Summary task in Vietnamese applies seq2seq model. Thanks to the SOTA Roberta model in Vietnamese, PhoBERT, I made summarization architecture which is trained on Vietnews dataset (reference 1)
- Step 1: Build docker container
docker build -f Dockerfile -t nlp-text-summarization:latest .
- Step 2: Run docker container
docker run -p 8501:8501 nlp-text-summarization:latest
The model outperforms the recent research paper on Vietnamese text summarization on the same dataset.

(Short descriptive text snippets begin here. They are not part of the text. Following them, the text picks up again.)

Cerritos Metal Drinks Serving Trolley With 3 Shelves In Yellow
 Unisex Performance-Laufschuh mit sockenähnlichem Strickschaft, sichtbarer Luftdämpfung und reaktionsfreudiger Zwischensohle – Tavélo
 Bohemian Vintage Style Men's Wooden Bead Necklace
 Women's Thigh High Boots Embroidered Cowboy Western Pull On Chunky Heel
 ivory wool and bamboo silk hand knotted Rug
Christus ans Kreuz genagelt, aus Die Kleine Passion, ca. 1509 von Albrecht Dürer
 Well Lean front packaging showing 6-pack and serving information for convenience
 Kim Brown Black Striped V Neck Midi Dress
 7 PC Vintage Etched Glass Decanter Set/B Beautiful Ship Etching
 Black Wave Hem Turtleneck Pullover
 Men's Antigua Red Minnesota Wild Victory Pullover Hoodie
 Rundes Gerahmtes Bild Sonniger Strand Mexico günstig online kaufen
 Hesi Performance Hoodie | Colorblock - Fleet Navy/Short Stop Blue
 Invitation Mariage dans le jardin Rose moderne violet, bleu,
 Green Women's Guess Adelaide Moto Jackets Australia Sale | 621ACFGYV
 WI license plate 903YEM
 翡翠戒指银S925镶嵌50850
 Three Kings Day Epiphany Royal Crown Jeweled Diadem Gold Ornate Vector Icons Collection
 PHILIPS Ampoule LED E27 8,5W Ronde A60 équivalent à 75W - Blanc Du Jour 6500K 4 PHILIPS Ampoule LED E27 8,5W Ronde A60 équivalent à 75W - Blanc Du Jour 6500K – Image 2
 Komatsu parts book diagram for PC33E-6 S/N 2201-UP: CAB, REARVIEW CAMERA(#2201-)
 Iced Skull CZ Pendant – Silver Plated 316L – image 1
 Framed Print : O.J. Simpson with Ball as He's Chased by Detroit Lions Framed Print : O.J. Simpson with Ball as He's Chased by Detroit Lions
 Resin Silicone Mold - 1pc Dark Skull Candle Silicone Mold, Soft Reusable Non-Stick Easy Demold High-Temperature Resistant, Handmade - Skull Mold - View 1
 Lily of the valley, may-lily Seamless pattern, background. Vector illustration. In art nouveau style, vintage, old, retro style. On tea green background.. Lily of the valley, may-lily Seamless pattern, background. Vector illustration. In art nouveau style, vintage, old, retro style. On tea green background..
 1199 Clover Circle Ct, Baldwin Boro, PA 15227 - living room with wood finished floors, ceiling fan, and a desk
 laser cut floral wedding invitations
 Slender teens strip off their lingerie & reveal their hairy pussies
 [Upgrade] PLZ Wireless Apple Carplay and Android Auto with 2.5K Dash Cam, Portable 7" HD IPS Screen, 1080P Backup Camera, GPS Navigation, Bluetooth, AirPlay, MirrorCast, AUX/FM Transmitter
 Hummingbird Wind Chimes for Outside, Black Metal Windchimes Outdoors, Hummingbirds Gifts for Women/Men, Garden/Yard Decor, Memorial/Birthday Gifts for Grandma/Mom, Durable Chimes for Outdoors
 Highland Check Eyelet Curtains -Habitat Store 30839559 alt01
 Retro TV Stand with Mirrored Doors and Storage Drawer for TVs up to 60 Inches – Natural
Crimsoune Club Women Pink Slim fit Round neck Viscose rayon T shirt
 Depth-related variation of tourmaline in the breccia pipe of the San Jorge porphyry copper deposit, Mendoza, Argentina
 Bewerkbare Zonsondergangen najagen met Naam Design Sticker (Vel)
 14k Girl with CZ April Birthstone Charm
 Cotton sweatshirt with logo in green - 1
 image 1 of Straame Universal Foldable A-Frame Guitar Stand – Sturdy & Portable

Attempt | Precision | Recall | F1-Score | F1-Score Fast-Abs (Ref 1) |
---|---|---|---|---|
Rouge 1 | 0.64 | 0.61 | 0.61 | 0.55 |
Rouge 2 | 0.31 | 0.30 | 0.30 | 0.23 |
Rouge L | 0.42 | 0.41 | 0.40 | 0.38 |
- Nguyen, Van-Hau & Nguyen, Thanh-Chinh & Nguyen, Minh-Tien & Hoai, Nguyen. (2019). VNDS: A Vietnamese Dataset for Summarization. 375-380. 10.1109/NICS48868.2019.9023886.
- Rothe, Sascha & Narayan, Shashi & Severyn, Aliaksei. (2020). Leveraging Pre-trained Checkpoints for Sequence Generation Tasks. Transactions of the Association for Computational Linguistics. 8. 264-280. 10.1162/tacl_a_00313.
- Nguyen, Dat Quoc & Nguyen, Anh. (2020). PhoBERT: Pre-trained language models for Vietnamese. 1037-1042. 10.18653/v1/2020.findings-emnlp.92.